How do I stop maintenance pages from being indexed by search engines?
I can stop them from being used if the user does not have the correct privileges but it would be better if they weren't indexed to beging with.
If all the maintenance pages are in the same folder (and nothing else is in there), then you can use robots.txt, with a file containing something along the lines of
Otherwise, you'll need to set it on a file-by-file basis.
Include this line in the <head>:
<meta name="robots" content="noindex, nofollow">
(If you want search engines to follow links from that page then leave off "nofollow").
robot.txt is notorious for being ignored by bots attempting to index (or scrape) your website. If you're concerned about this, either:
Move your maintenance scripts out of the webspace
Unlink them from your website (no link from the website = security by obfuscation, i.e., poor to no security)
Password protect your maintenance folder AND use mod_rewrite in that folder to require authentication, i.e., only provide access to your (fixed) IP Address or via an environmental variable only you have.
The best option is a combination of (Apache) password protection on the subdirectory AND use of a login using a strong password hashed for access.
Thank you both.
I will be using a mixture of meta tags to stop them from being indexed and a separate security on each page that checks that a user is logged in and has the correct privileges should a page become indexed by accident, or if search engines ignore the <meta robots>
If the maintenance pages are not isolated in a password protected directory, that's as good as it gets!
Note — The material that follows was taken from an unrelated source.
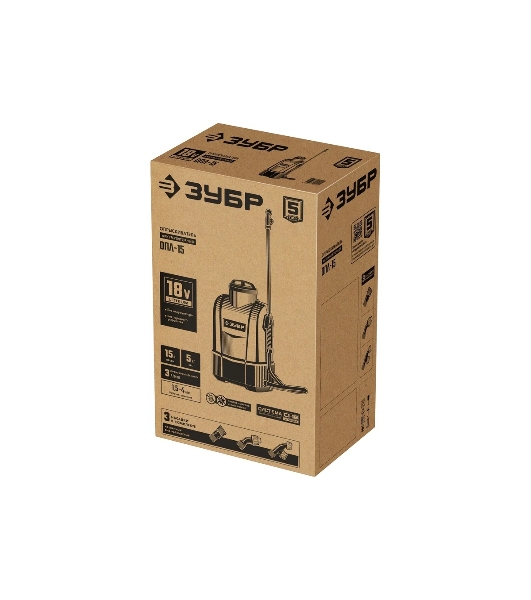 Опрыскиватель ЗУБР 15 л бак, 1 АКБ (4Ач), 5 кг аккумуляторный, Li-Ion 18В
BTW, I've been in a conversation with Manuel Lemos, creator of phpclasses.org about hosting classes to break md5 hashed passwords (using a rainbow table lookup hosted by md5cracker.org (or similar)) and the contention of mine is that these lookups shouldn't be available to script kiddies, his is that it can make for a good check on a hashed password. We're both correct but the key to security is to use a STRONG password, i.e., one with uppercase, lowercase, digits, special characters and spaces of sufficient length to make it impossible to crack by brute force in less than a few centuries. Of course, that's if you really need to protect your maintenance pages!)
yes. I've become aware that md5 is not good enough.
as for my own admin pages: at the moment it is not that critical. I provide the facility but I also maintain scripts so that if someone does break in and make a mess, I can just rerun scripts to make everything right again.
When I rule the world there will be no need for any of this security malarky ( in any walk of life ).